▸ Problem details
Each line in the material below must be transcribed exactly; no picture belongs in the copy.
Start of Data records
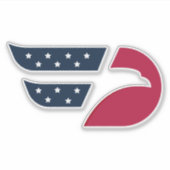 Patriottische USA Adelaarsvleugel Sticker (Voorkant)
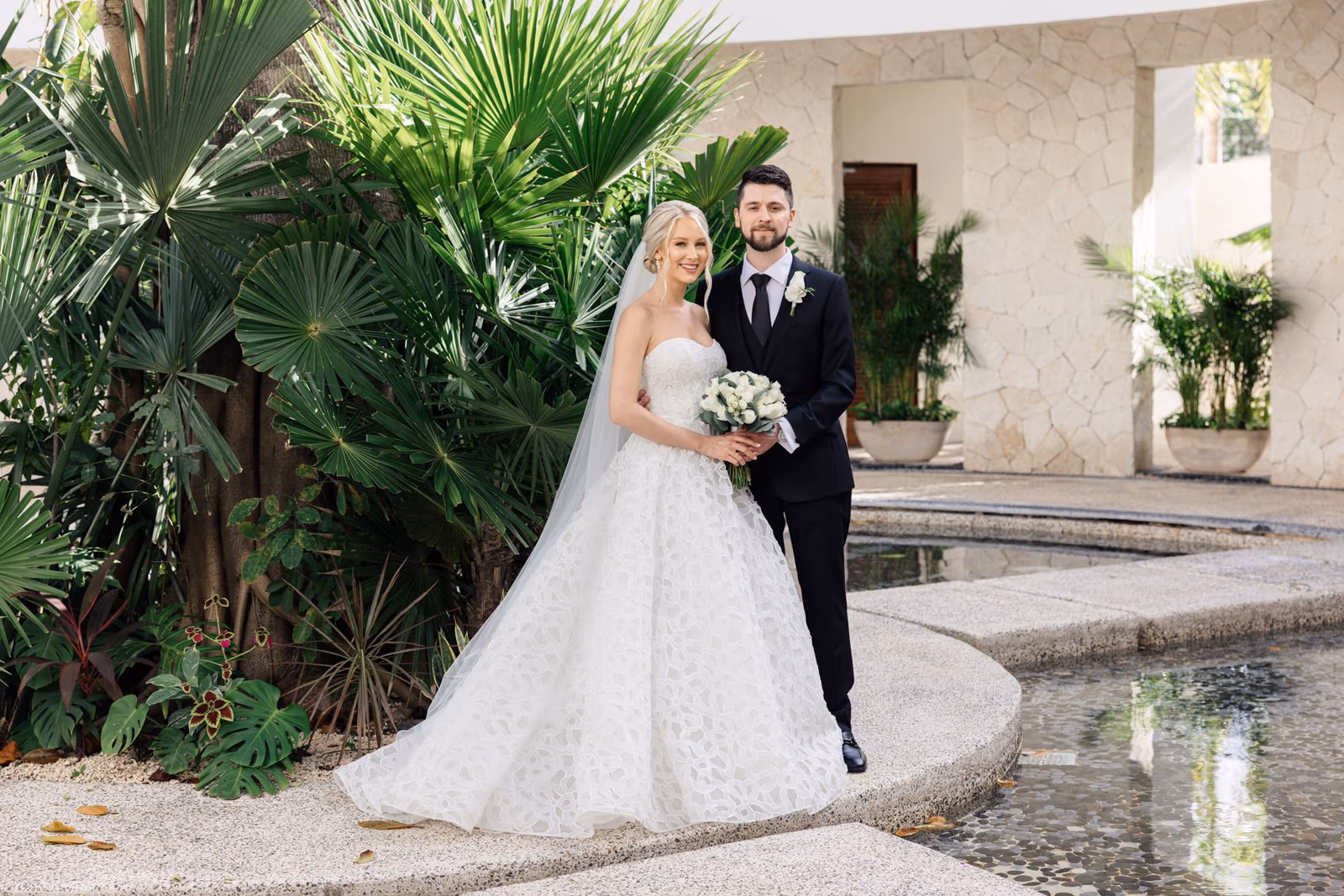 Wedding at Secrets Akumal Riviera Maya-Arch Plaza Akumal — photo 41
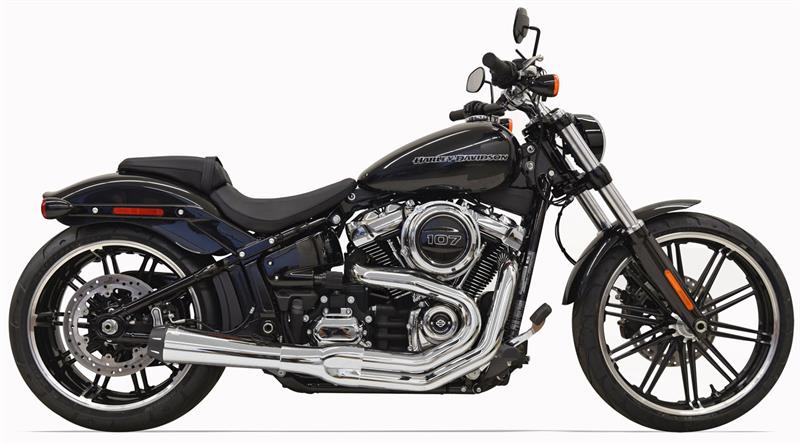 BASSANI XHAUST Road Rage 2:1 Exhaust - Chrome - 2020 Softail Breakout, 2018-2021 Fat Boy & FXDR - 1S62R - PartsOutlet.com.au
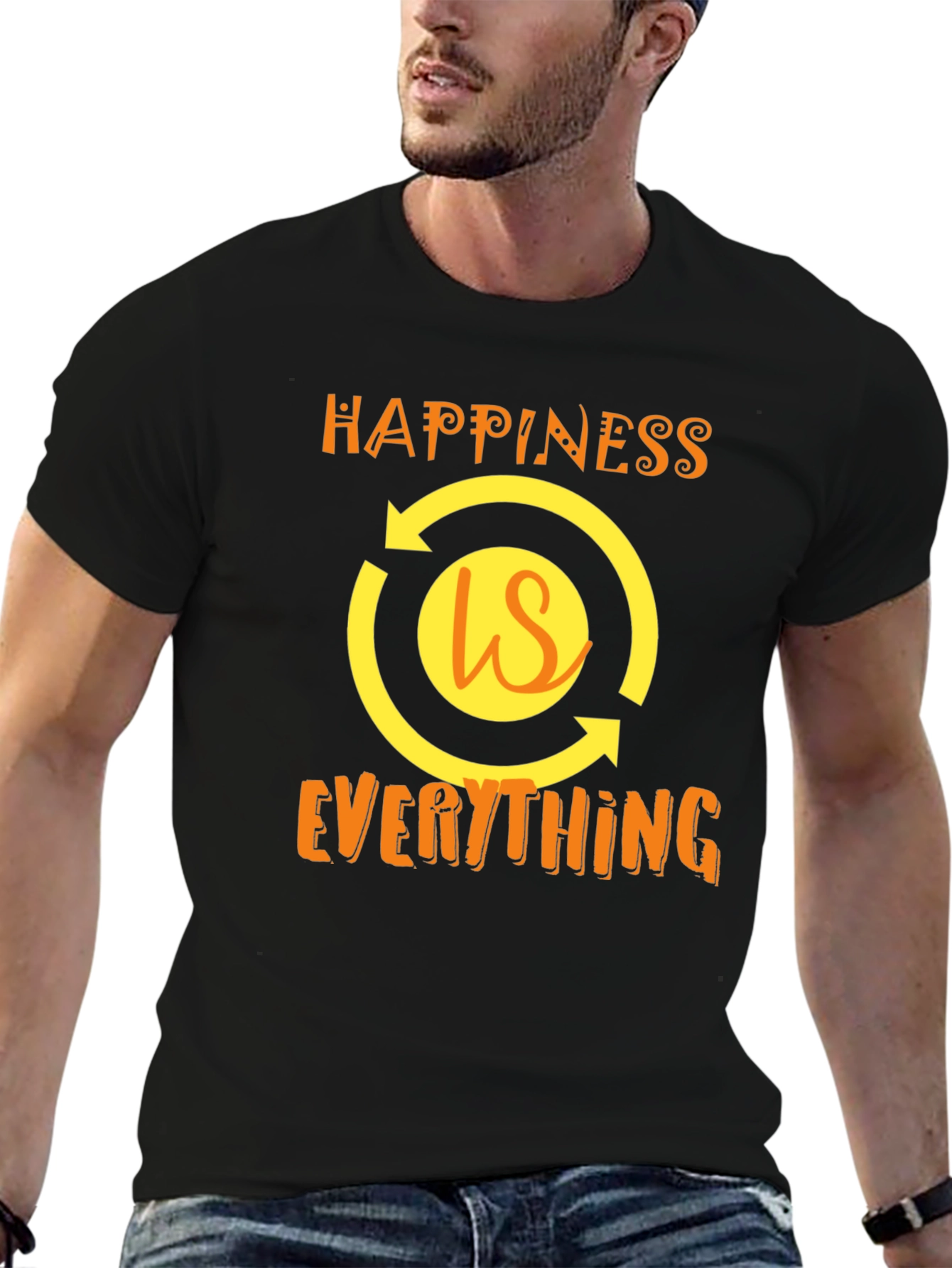 Happiness is Everything Graphic T-Shirt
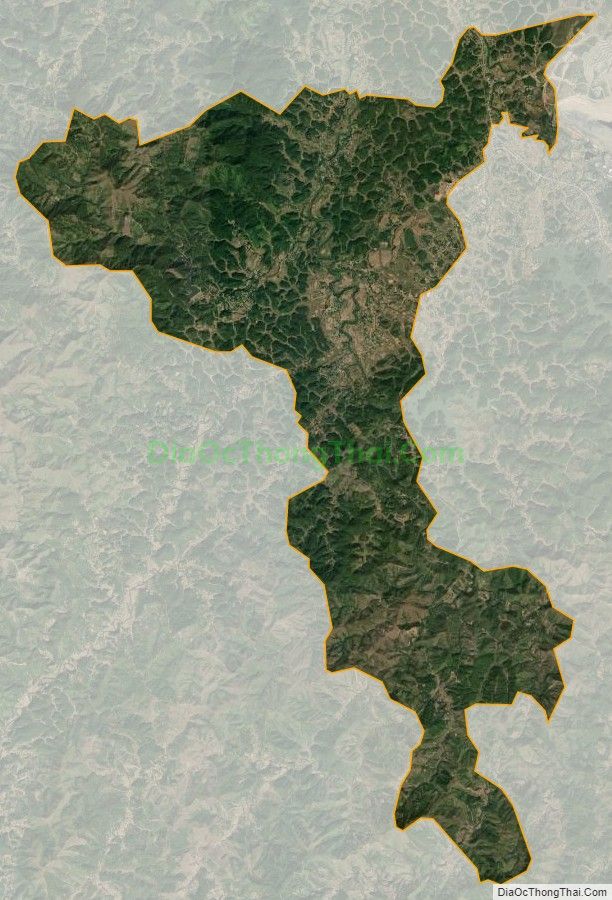 Bản đồ vệ tinh xã Đông Quan, huyện Lộc Bình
End of Data records
▸ Reply
 Patriottische USA Adelaarsvleugel Sticker (Voorkant)
 Wedding at Secrets Akumal Riviera Maya-Arch Plaza Akumal — photo 41
 BASSANI XHAUST Road Rage 2:1 Exhaust - Chrome - 2020 Softail Breakout, 2018-2021 Fat Boy & FXDR - 1S62R - PartsOutlet.com.au
 Happiness is Everything Graphic T-Shirt
 Bản đồ vệ tinh xã Đông Quan, huyện Lộc Bình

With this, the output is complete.